'Councils face losing powers for not using brownfield sites' In their role as local planning authorities, will be penalised if they do not meet yearly targets on fast-tracking brownfield sites for dev: Inside Housing.CO.UK News
29 January 2015 | By Daniel Douglas
The government plans to take away councils’ planning powers if they fail to use enough local development orders to boost the building of homes on brownfield land.
Councils, in their role as local planning authorities, will be penalised if they do not meet yearly targets on fast-tracking brownfield sites for development
A government consultation, launched yesterday, proposes using ‘local development orders’ – a way of speeding up planning permission on sites – to catalyse house building on brownfield sites. The government wants 9 out of 10 suitable brownfield sites to have a local development order in place by 2020.
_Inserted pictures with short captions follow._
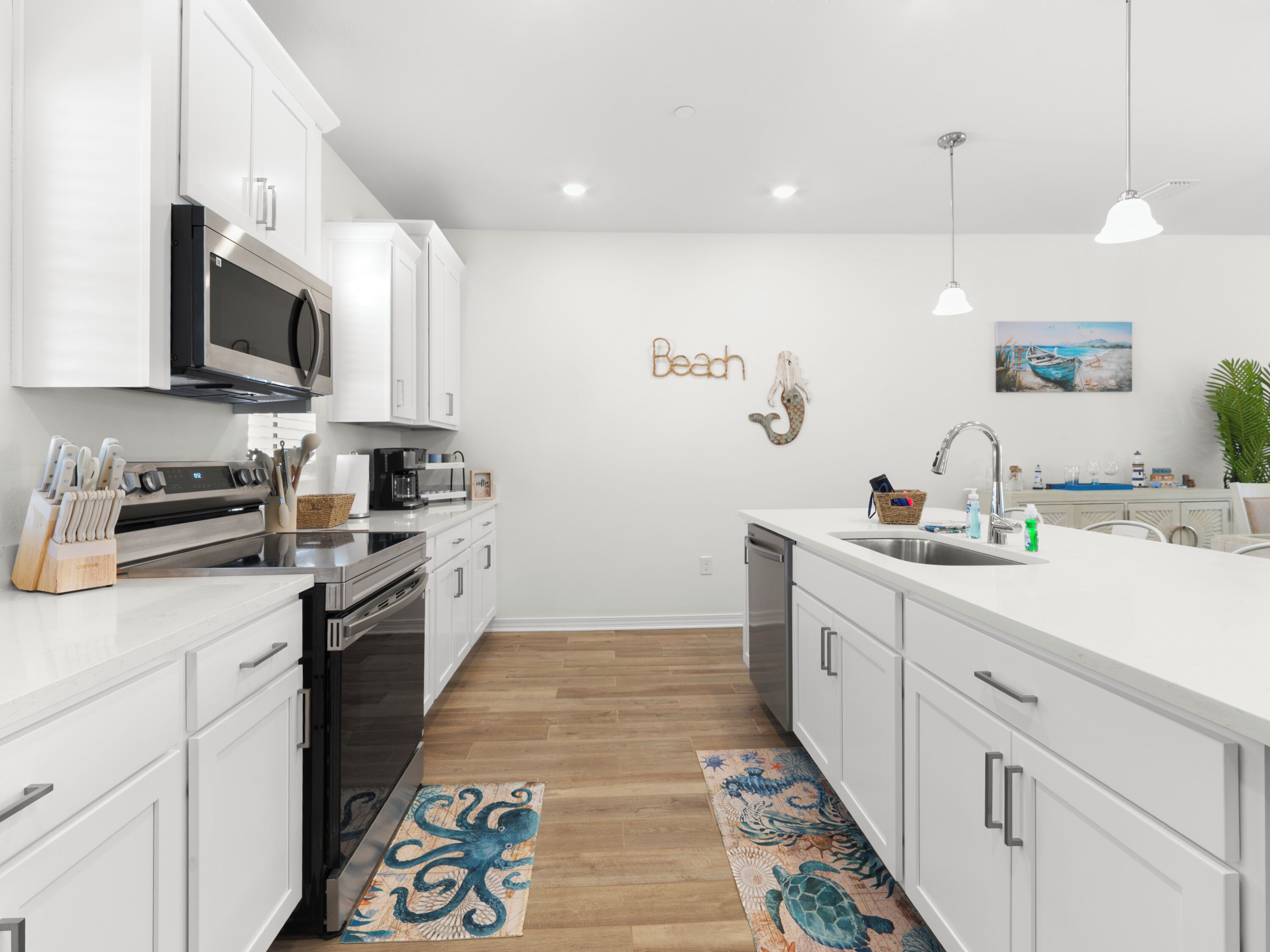 Una cocina moderna con armarios blancos, electrodomésticos de acero inoxidable y piso de madera.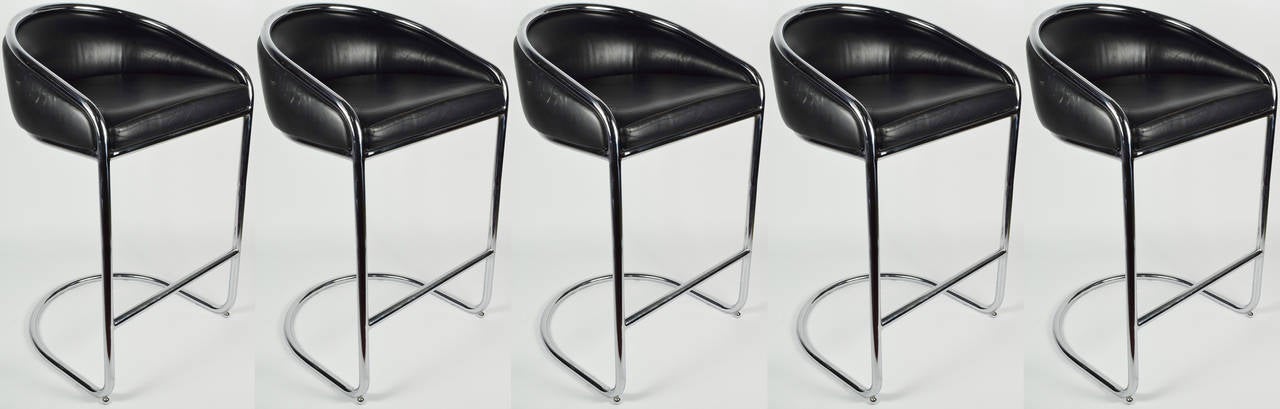 A set of 5 bar stools by Anton Lorenz for Thonet. Chairs are in black leather with a chrome cantilevered frame.
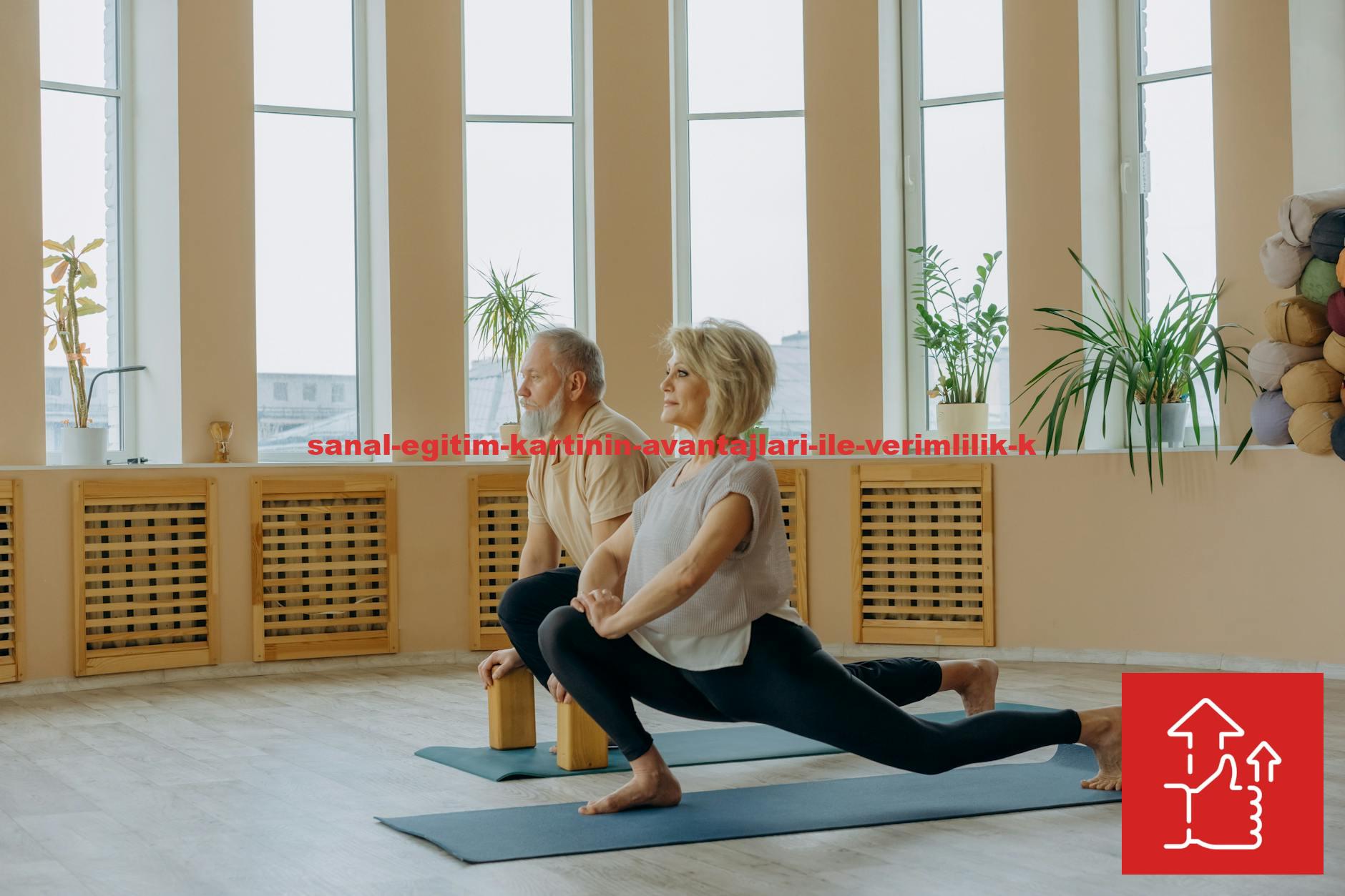 A senior couple practicing yoga indoors, focusing on a healthy lifestyle and flexibility.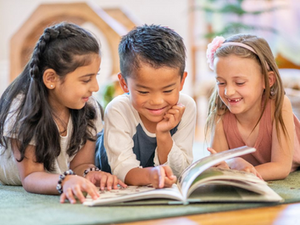 kids reading a book together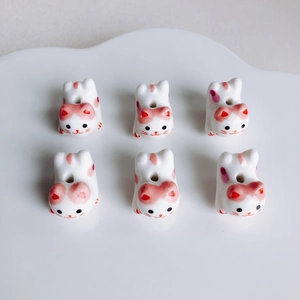 Dettaglio di perline in ceramica a forma di gatto per gioielli fai da te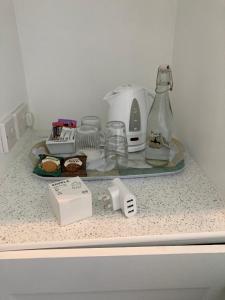 a counter top with a coffee maker and a blender at Hillcrest Bed & Breakfast in Eyemouth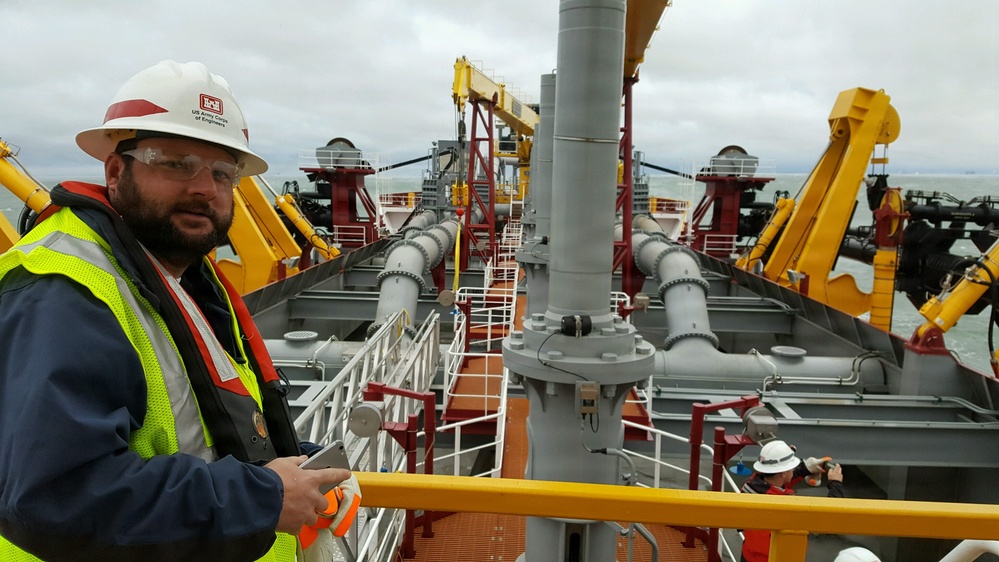 A man wearing a US Army Corps of Engineers hard hat, safety glasses, high-visibility vest, and personal flotation device stands on the deck of a large dredging vessel. The ship features extensive industrial piping, yellow cranes, and red structural supports, with open water visible in the background. At least two other workers in safety gear are visible in the background on the lower deck.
Councils that do not meet this target will be found to be ‘under-performing’, meaning developers can submit applications directly to the Planning Inspectorate, going over the head of the council.
An alternative proposal is that councils not meeting the target will be ‘unable to claim the existence of an up to date five year supply of land for housing’, meaning that, under the National Planning Policy Framework, the ‘presumption in favour of sustainable development’ kicks in, again allowing developers to push through development more easily.
The government says that there is enough suitable brownfield land available to build 200,000 homes. The Department for Communities and Local Government in August launched a £5m fund for councils to use to put local development orders in place for brownfield sites. The DCLG was unable to confirm how much of this fund has been allocated.
Some experts warn that this places another burden on overwhelmed planning departments and may take resources away from more important strategic planning.
Sarah Davis, policy adviser at the Chartered Institute of Housing, said: ‘A concern we have is that the drive for this use of brownfield sites, while welcome, may take focus and resources off the bigger picture.
‘It may be a potential problem if it means local planning authorities losing sight of the bigger issues of suitability of sites regarding all of the questions around infrastructure, urban planning, capacity of local resources and so on.’
Melanie Leech, chief executive of the British Property Federation, said: ‘We are slightly concerned that, as local authorities are so lacking in resources right now, it is going to be difficult for them to implement this policy.’
The consultation runs until 11 March.